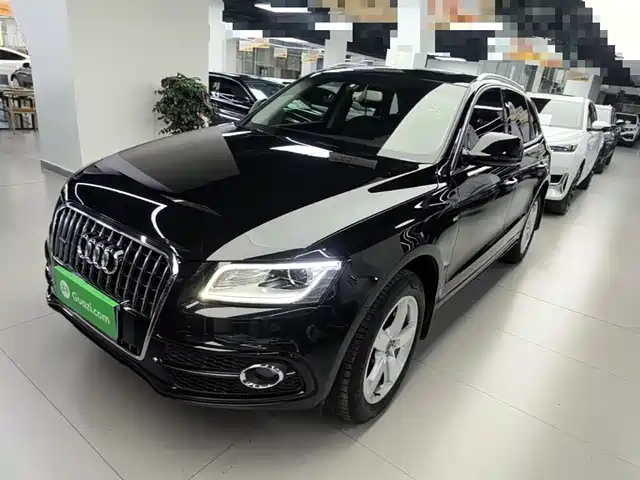 Audi Audi Q5 Audi Q5 2018 Collector'S Edition 40 Tfsi Enterprising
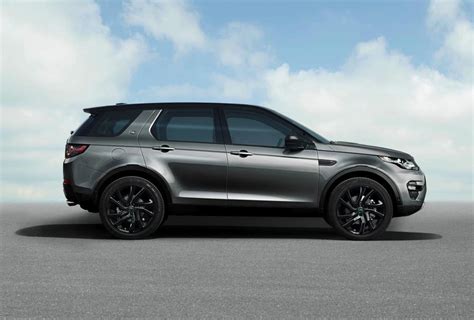 Land Rover Discovery Sport officially revealed | PerformanceDrive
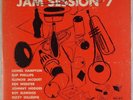 NORMAN GRANZ JAM SESSION #7: Flip Phillips, Ben Webster DSM Clef Orig LP ‘55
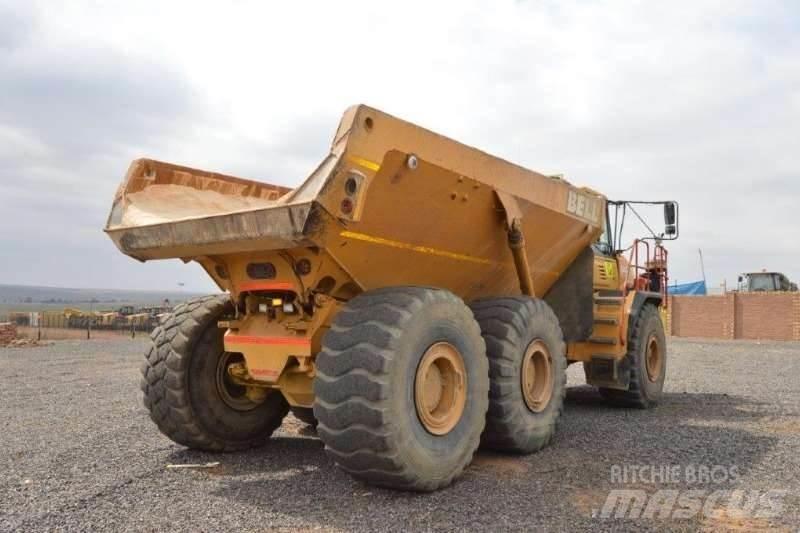 Bell B40D Camiões articulados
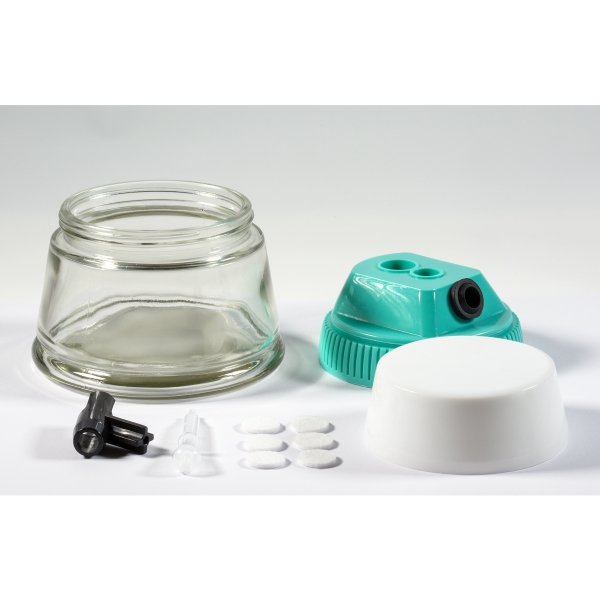AK Interactive AK9519 AIRBRUSH CLEANING POT - BOTTLE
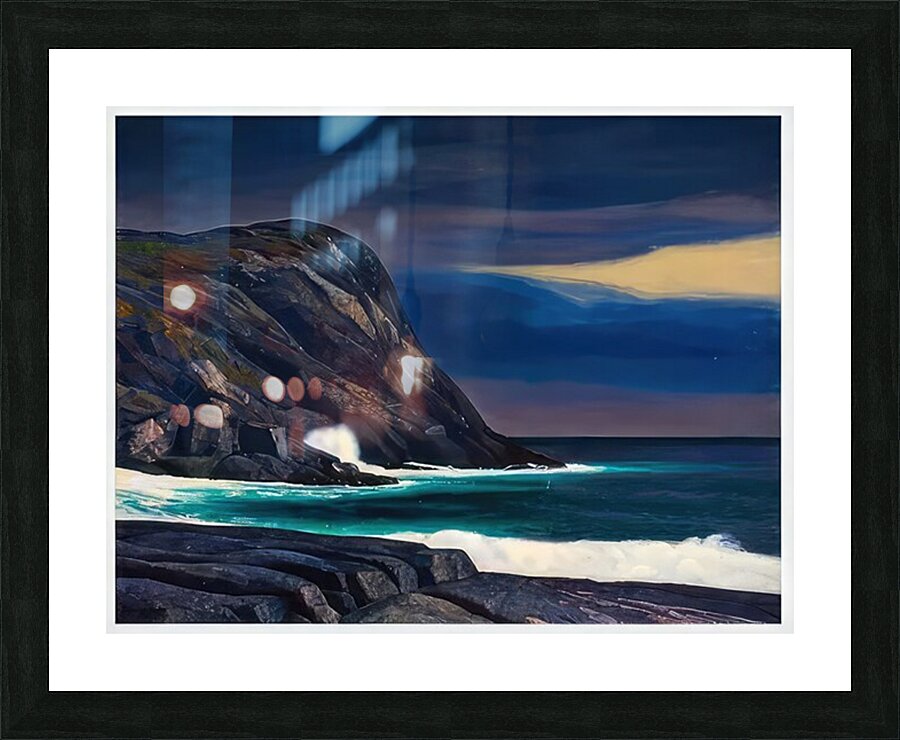 Rockwell Kent  68 Picture Frame print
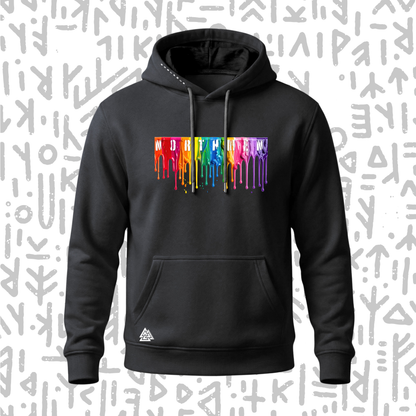 Northmen Hoodie For Men and Ladie (M)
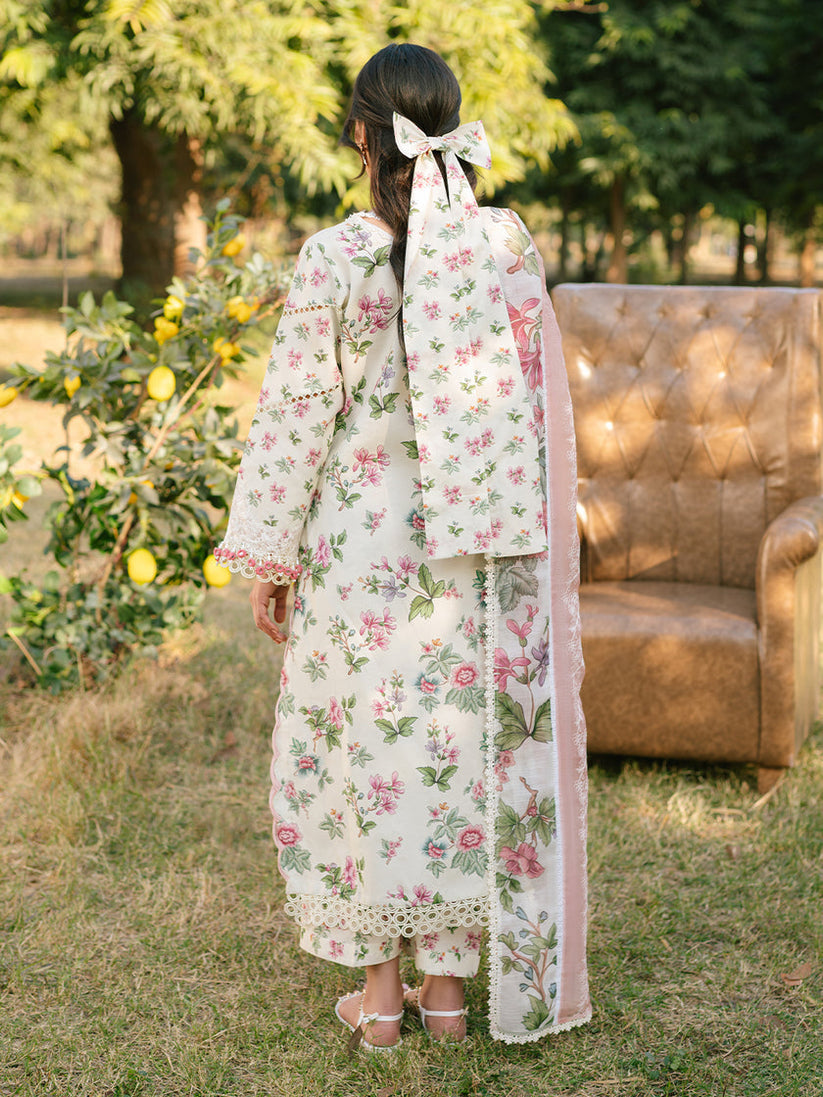 Parishay Ivy Bloom Lawn`25 IVY#05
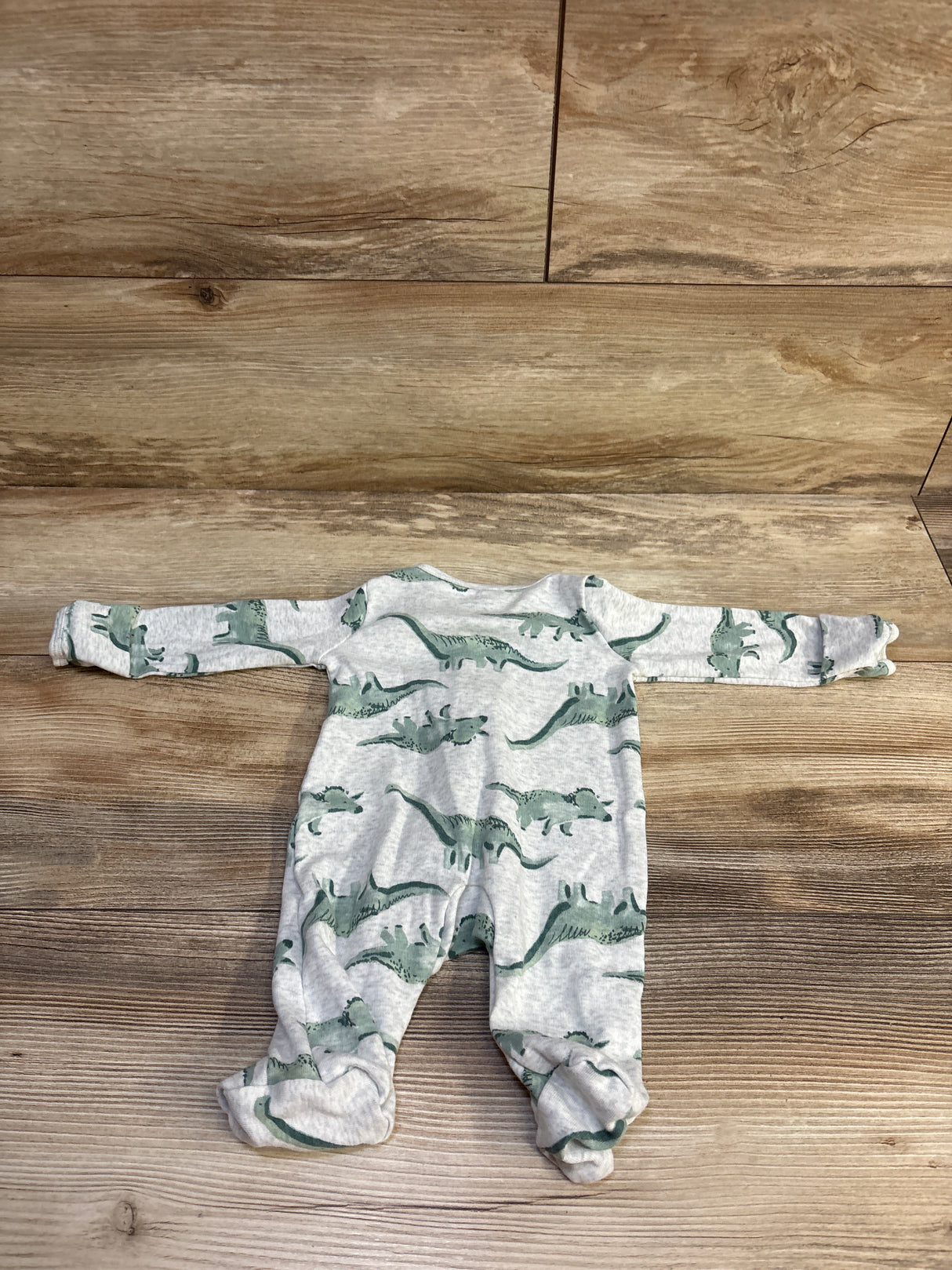 Child Of Mine Sleeper Grey sz Newborn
* * *
(Exercise aim) Only the lines from the one containing "NORMAN GRANZ JAM" through the final line of the records should be transcribed, exactly and with no pictures.

(Your response)
 NORMAN GRANZ JAM SESSION #7: Flip Phillips, Ben Webster DSM Clef Orig LP ‘55
 Bell B40D Camiões articulados
AK Interactive AK9519 AIRBRUSH CLEANING POT - BOTTLE
 Rockwell Kent  68 Picture Frame print
 Northmen Hoodie For Men and Ladie (M)
 Parishay Ivy Bloom Lawn`25 IVY#05
 Child Of Mine Sleeper Grey sz Newborn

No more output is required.